I wrote a story about a great local lutefisk supper in a mostly serious way, but I also wrote some extremely silly fake headlines for it that we obviously didn’t use.*

Here’s the real headline:

Lots of lutefisk: Church readies 375 pounds of Scandinavian delicacy

Here are the fakes, with at least one addition from others in the newsroom:

Lutefisk: Probably a crime against humanity

Lutefisk: Run while you still can.

Lutefisk: Banned by the Geneva Convention.

Lutefisk: Wait, you want me to eat what?

Lutefisk: Because trials of fish soaked in arsenic didn’t go so well.

Lutefisk: Scandinavians’ attempt to see what they can get other people to eat

Lutefisk: Making haggis sound yummy

Lutefisk: Try it, you won’t die (probably)

375 pounds of lutefisk: Scandinavian WMDs

Lutefisk: A true tale of Scandinavian passive-aggression

Lutefisk: Why?

Lutefisk: No, seriously, people eat it

Lutefisk: 1 out of 10 people prefer it to tree bark

Have any suggestions for more? Hit the comments!

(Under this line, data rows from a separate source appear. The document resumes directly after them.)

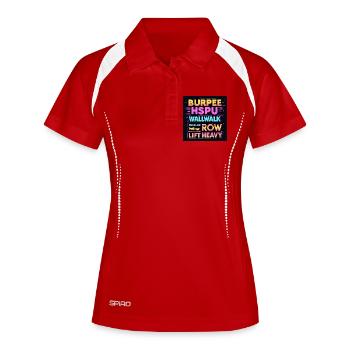 Fitness Workout Motivational Writing - Women's Polo breathable - white/navy - Front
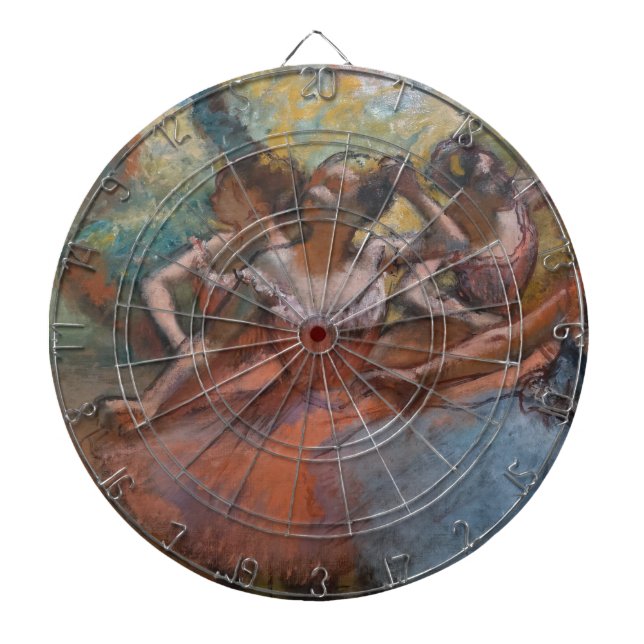 Vier Ballerinas auf Bühne (Ballett) (von Edgar Deg Dartscheibe (vorne)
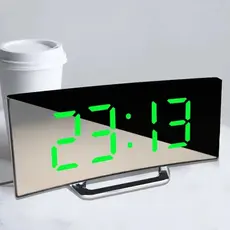 Relógio De Mesa Curvado Digital Led Despertador Alarme Temperatura Data Com Espelho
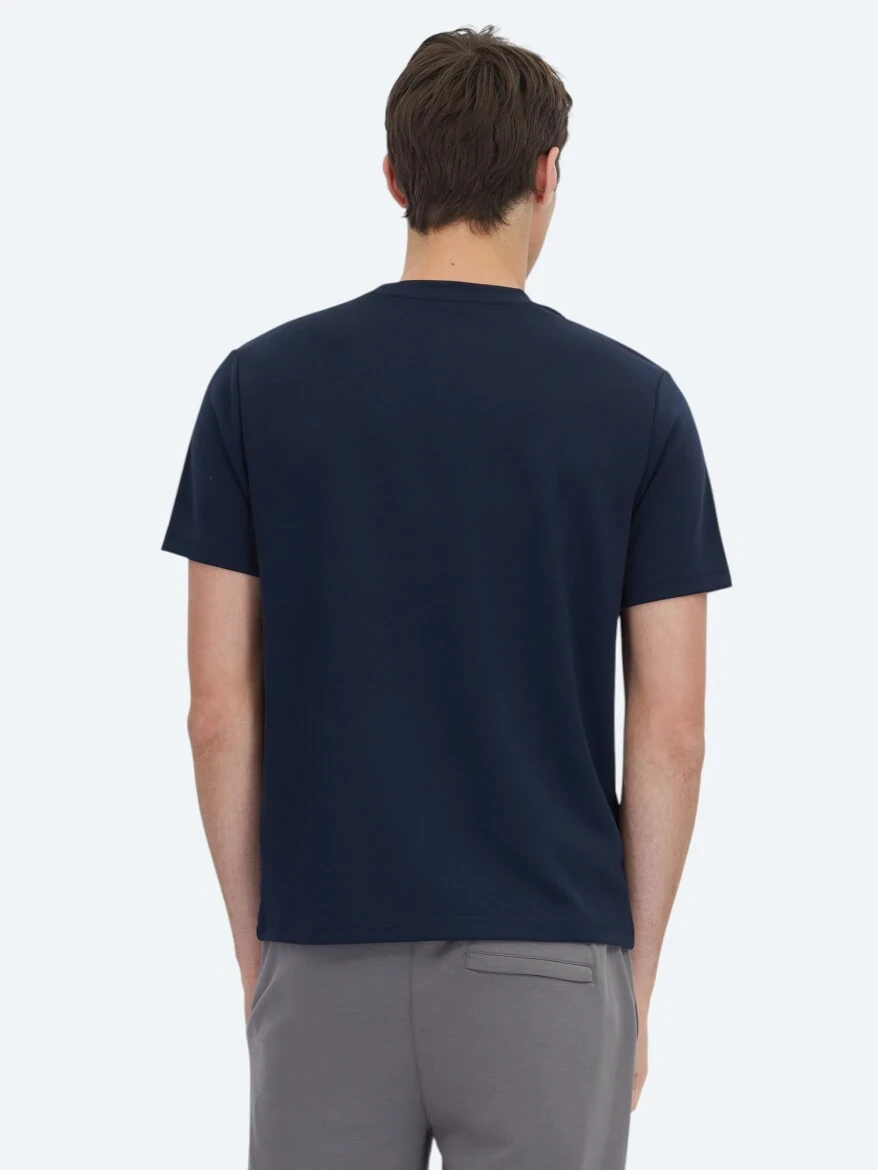 Lacivert Düz Bisiklet Yaka T-Shirt - 5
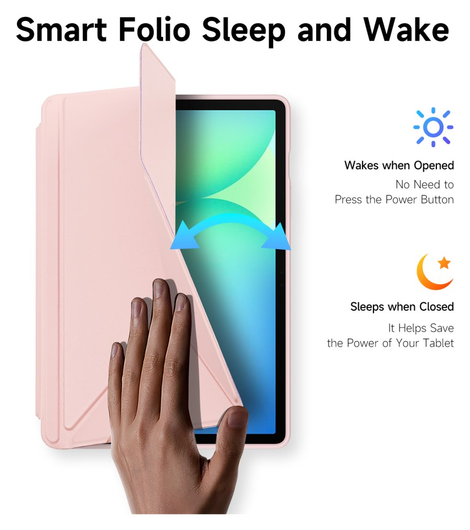 Dux Ducis Magi Samsung Galaxy Tab S10 FE Plus Hoes V-Fold Book Case Roze afbeelding 4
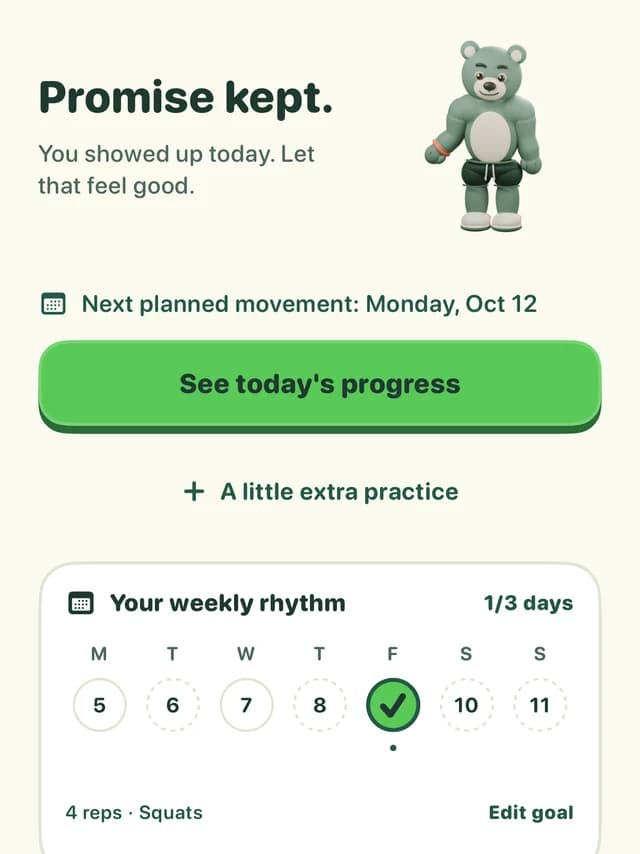 Promise Today screen saying Promise kept, with a weekly rhythm calendar showing one completed day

I think everyone should get the chance to at least smell lutefisk, and, if they have the fortitude, try a taste. Lutefisk is meant to be served hot, and generally with melted butter. My family likes to mash it in with potatoes and stuff it into a piece of lefse to make a sort of potato-fish burrito.

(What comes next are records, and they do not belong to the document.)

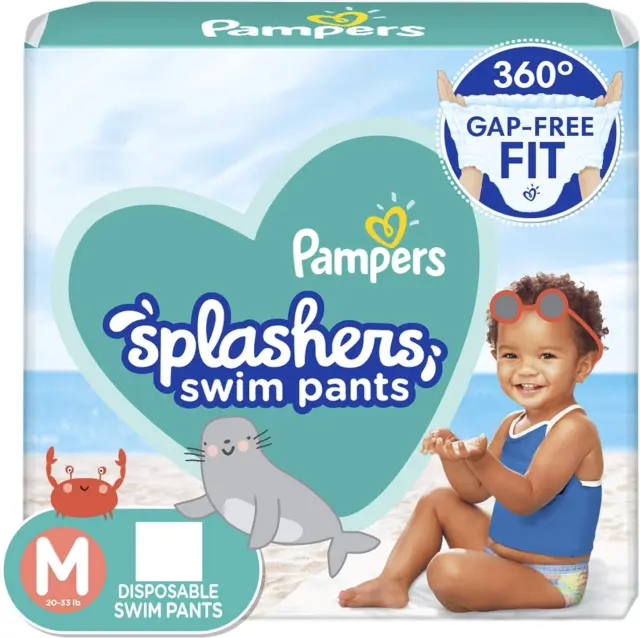 Pampers Splashers Swim Diapers Gap-Free Disposable, Size: Medium (72 Count)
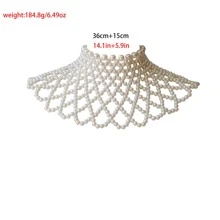 New Exaggerated Neck Choker Chain, Vintage European Style Wedding Dress Accessory, Elegant Fan Shaped Hollow Beaded Necklace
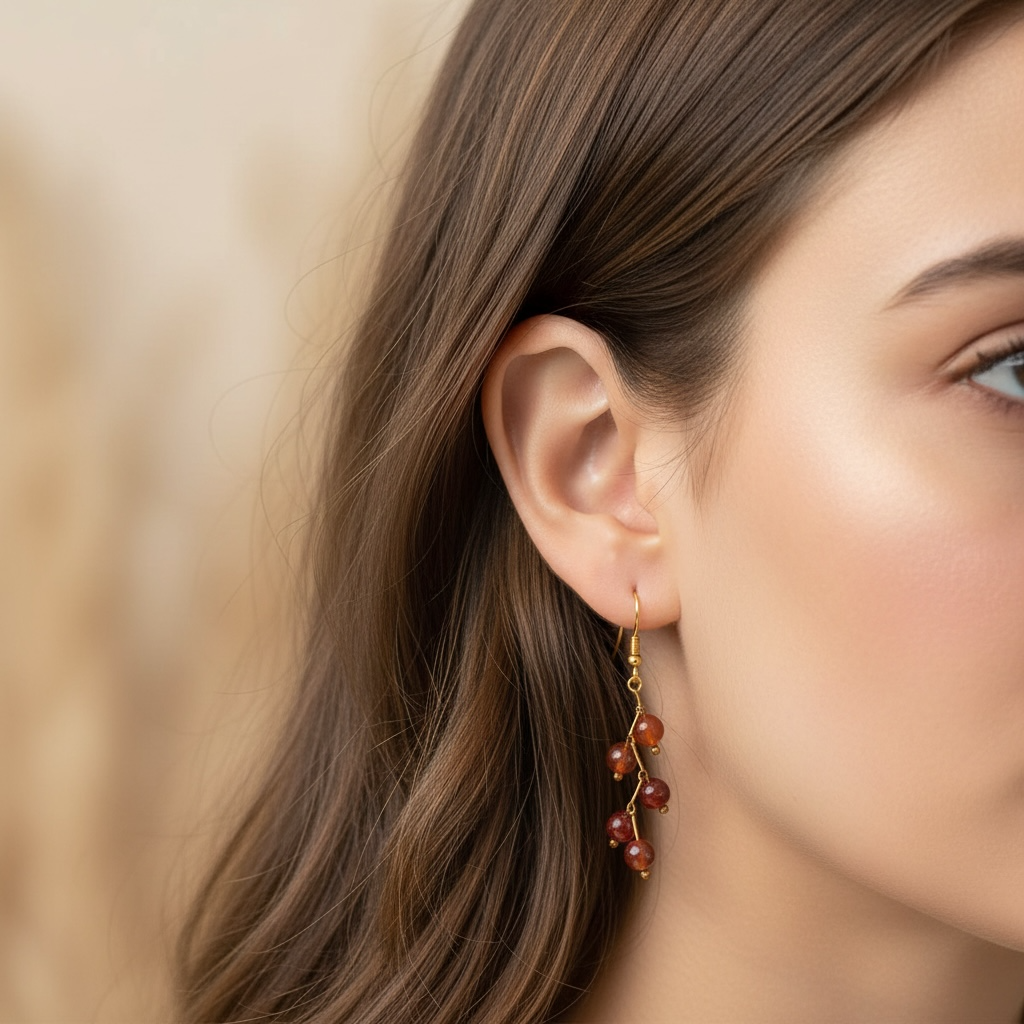 Carnelian Vine Design— Beaded choker Necklace with Earrings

Do not use silver plated silverware with lutefisk.

Do not overcook lutefisk.

Do not taunt lutefisk.

* I am half Norwegian, and my grandfather makes lutefisk for Thanksgiving and Christmas holidays. So yes, I do respect lutefisk, but after extensive exposure, I feel entitled to make fun of it a bit. I have never eaten it, but believe it is a fine old tradition best practiced by people who are not me. My brother has eaten lutefisk and I am happy to say he has suffered no ill effects. Some day his tastebuds may grow back.

4 thoughts on “Lutefisk and Other Questionable Food-Like Substances

  1. Since we share a first name and a common heritage, I will save you the trouble. I have eaten lutefisk, and since we have the same name, I think that means you never have to eat it yourself.
    It really doesn’t have much flavor (which is why the copious amounts of butter are necessary), but it is the texture which really makes it horrendous. It’s like fish-flavored jello, which has been stirred up with a fork after setting so you get the disturbing juxtaposition of chunky and blobby.
    Even people who live in Norway don’t treat this “food” with the kind of reverence we show it here in the US.

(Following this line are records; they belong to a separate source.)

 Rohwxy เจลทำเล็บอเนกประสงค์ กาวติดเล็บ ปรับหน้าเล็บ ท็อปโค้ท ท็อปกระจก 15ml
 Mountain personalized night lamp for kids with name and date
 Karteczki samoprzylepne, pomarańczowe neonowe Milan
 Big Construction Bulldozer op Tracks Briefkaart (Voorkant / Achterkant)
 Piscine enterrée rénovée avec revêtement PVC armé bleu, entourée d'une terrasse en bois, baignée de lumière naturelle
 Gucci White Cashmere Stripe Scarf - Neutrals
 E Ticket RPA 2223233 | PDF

    • There’s a certain amount of teasing about lutefisk in my family, but nobody’s ever actually made me try it. This is probably because neither of my parents eat lutefisk either, and they’re pretty sensible people (disco-era clothing choices notwithstanding). Cooked carrots. Ketchup. Green beans. These things they made me try. Lutefisk is just beyond the pale, though, and they knew it.

      I think the only thing I’ve ever seen that looked ickier than lutefisk was fish aspic. Fish jello. Ugh.

      I had to put a bit of a disclaimer on the article because people get very heated about lutefisk and although many people see it as a very serious thing, my Norwegian-American family has always treated it with a generous dose of humor.